Type out all the data below, word for word.

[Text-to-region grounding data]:

⁂

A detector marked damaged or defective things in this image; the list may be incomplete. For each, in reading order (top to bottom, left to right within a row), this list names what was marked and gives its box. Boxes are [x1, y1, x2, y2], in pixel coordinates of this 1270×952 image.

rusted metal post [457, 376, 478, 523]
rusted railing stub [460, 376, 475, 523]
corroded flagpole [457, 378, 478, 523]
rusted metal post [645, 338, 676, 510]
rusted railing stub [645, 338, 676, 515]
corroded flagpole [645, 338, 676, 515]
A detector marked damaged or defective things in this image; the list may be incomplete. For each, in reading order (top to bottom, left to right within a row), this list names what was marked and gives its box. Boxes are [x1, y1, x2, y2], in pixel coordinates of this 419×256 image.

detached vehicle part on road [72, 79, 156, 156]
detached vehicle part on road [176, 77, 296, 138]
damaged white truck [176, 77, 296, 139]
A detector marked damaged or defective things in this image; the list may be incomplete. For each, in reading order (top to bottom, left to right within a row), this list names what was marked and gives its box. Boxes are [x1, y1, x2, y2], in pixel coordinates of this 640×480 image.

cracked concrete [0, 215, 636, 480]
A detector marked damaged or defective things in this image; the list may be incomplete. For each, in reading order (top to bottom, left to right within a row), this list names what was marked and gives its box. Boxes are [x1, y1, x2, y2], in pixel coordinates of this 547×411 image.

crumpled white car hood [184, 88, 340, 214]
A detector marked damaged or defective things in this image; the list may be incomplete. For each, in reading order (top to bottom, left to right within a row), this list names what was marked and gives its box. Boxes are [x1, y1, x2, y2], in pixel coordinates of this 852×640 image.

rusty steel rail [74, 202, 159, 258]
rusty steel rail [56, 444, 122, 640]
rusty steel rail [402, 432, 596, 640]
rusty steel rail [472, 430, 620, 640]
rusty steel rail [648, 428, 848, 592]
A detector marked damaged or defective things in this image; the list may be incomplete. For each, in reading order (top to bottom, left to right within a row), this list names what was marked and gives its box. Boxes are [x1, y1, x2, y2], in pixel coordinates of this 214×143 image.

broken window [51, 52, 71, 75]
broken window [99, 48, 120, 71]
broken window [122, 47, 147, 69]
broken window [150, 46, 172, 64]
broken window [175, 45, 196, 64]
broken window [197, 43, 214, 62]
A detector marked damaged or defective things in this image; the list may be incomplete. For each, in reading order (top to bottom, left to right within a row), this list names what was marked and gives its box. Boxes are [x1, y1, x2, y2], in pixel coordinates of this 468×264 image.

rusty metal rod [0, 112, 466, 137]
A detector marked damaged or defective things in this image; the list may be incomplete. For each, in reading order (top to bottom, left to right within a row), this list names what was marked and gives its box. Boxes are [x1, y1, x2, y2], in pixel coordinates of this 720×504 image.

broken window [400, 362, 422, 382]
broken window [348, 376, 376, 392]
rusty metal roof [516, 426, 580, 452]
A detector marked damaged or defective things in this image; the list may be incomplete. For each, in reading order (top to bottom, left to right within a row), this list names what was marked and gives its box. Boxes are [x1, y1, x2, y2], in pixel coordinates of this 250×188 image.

⁂

[Written response]:
A detector marked damaged or defective things in this image; the list may be incomplete. For each, in reading order (top to bottom, left to right within a row), this list names what was marked and gives its box. Boxes are [x1, y1, x2, y2], in pixel coordinates of this 1270×952 image.

rusted metal post [457, 376, 478, 523]
rusted railing stub [460, 376, 475, 523]
corroded flagpole [457, 378, 478, 523]
rusted metal post [645, 338, 676, 510]
rusted railing stub [645, 338, 676, 515]
corroded flagpole [645, 338, 676, 515]
A detector marked damaged or defective things in this image; the list may be incomplete. For each, in reading order (top to bottom, left to right within a row), this list names what was marked and gives its box. Boxes are [x1, y1, x2, y2], in pixel coordinates of this 419×256 image.

detached vehicle part on road [72, 79, 156, 156]
detached vehicle part on road [176, 77, 296, 138]
damaged white truck [176, 77, 296, 139]
A detector marked damaged or defective things in this image; the list may be incomplete. For each, in reading order (top to bottom, left to right within a row), this list names what was marked and gives its box. Boxes are [x1, y1, x2, y2], in pixel coordinates of this 640×480 image.

cracked concrete [0, 215, 636, 480]
A detector marked damaged or defective things in this image; the list may be incomplete. For each, in reading order (top to bottom, left to right within a row), this list names what was marked and gives its box. Boxes are [x1, y1, x2, y2], in pixel coordinates of this 547×411 image.

crumpled white car hood [184, 88, 340, 214]
A detector marked damaged or defective things in this image; the list may be incomplete. For each, in reading order (top to bottom, left to right within a row), this list names what was marked and gives its box. Boxes are [x1, y1, x2, y2], in pixel coordinates of this 852×640 image.

rusty steel rail [74, 202, 159, 258]
rusty steel rail [56, 444, 122, 640]
rusty steel rail [402, 432, 596, 640]
rusty steel rail [472, 430, 620, 640]
rusty steel rail [648, 428, 848, 592]
A detector marked damaged or defective things in this image; the list may be incomplete. For each, in reading order (top to bottom, left to right within a row), this list names what was marked and gives its box. Boxes are [x1, y1, x2, y2], in pixel coordinates of this 214×143 image.

broken window [51, 52, 71, 75]
broken window [99, 48, 120, 71]
broken window [122, 47, 147, 69]
broken window [150, 46, 172, 64]
broken window [175, 45, 196, 64]
broken window [197, 43, 214, 62]
A detector marked damaged or defective things in this image; the list may be incomplete. For each, in reading order (top to bottom, left to right within a row), this list names what was marked and gives its box. Boxes are [x1, y1, x2, y2], in pixel coordinates of this 468×264 image.

rusty metal rod [0, 112, 466, 137]
A detector marked damaged or defective things in this image; the list may be incomplete. For each, in reading order (top to bottom, left to right within a row), this list names what was marked and gives its box. Boxes are [x1, y1, x2, y2], in pixel coordinates of this 720×504 image.

broken window [400, 362, 422, 382]
broken window [348, 376, 376, 392]
rusty metal roof [516, 426, 580, 452]
A detector marked damaged or defective things in this image; the list may be incomplete. For each, in reading order (top to bottom, left to right within a row), this list names what was marked and gives its box. Boxes are [x1, y1, x2, y2], in pixel coordinates of this 250×188 image.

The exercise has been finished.